Mary R. (Mary Ruth) de Vou (1868-1949)
The papers of Delaware historian H. Clay Reed include correspondence with Mary R. de Vou, who contributed a chapter on Delaware’s suffrage history to his Delaware: A History of the First State (1947). In the process of writing, de Vou shared a personal letter from Carrie Chapman (which Reed never returned) and other anecdotes through correspondence. In a postscript to a letter to Reed, de Vou recalled that when Florence Bayard Hilles became a suffragist in 1913, she was “converted by hearing Mabel Vernon … speak at the tent of our Del. Equal Suffrage Assoc’n at the State Fair.” Before then, “she had simply led the life of a woman of her rank, was more or less athletic, a lover of dogs etc.” The implicit put-down was probably intentional; de Vou and Hilles regularly clashed over tactics during their suffrage years.
- H. Clay (Henry Clay) Reed (1899-1972). Delaware, a History of the First State. H. Clay Reed and Marion Björnson Reed. New York : Lewis Historical Pub., 1947.
- Mary R. (Mary Ruth) de Vou (1868-1949). Letter postscript to Henry Clay Reed, May 19, 1944. Henry Clay Reed papers.

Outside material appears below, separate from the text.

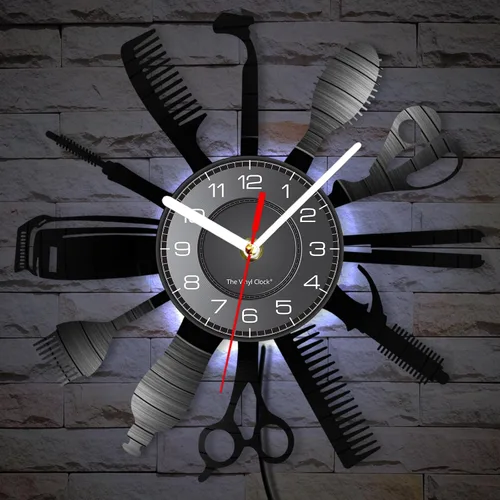 Miniatura 4 de Reloj de pared con herramientas de peluquería de 12 pulgadas con 7 colores cambiantes, reloj de pared para peluquería y negocios, reloj de pared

Carrie Chapman Catt (1859-1947)
As president of the National American Woman Suffrage Association (1900-1904, 1915-1920) and the International Woman Suffrage Alliance, Carrie Chapman Catt organized numerous suffrage campaigns, both state and national, and presided over the successful NAWSA effort to win ratification of the 19th Amendment in 1919-1920. She spent weeks in Dover during the Spring 1920 ratification struggle. A pacifist, she nevertheless encouraged NAWSA members to contribute to the war effort in hopes of winning suffrage “as a war measure.”
Catt visited Delaware a number of times over the quarter-century before 1920, including an 1897 address to the state constitutional convention urging the delegates to enfranchise women. In a 1944 letter to Mary R. de Vou, who was the long-time secretary of the NAWSA-affiliated Delaware Equal Suffrage Association, Catt recalled a Delaware visit that lived in her memory as “one of the most wretched experiences of my entire life.”
- Carrie Chapman Catt, half-length portrait, seated, facing left, on telephone, 1909. National Photo Company Collection. Facsimile image courtesy of Library of Congress.
- Carrie Chapman Catt (1859-1947). Typed letter signed, New Rochelle, N.Y., to Mary R. de Vou, Wilmington, Del., August 31, 1944. Henry Clay Reed papers.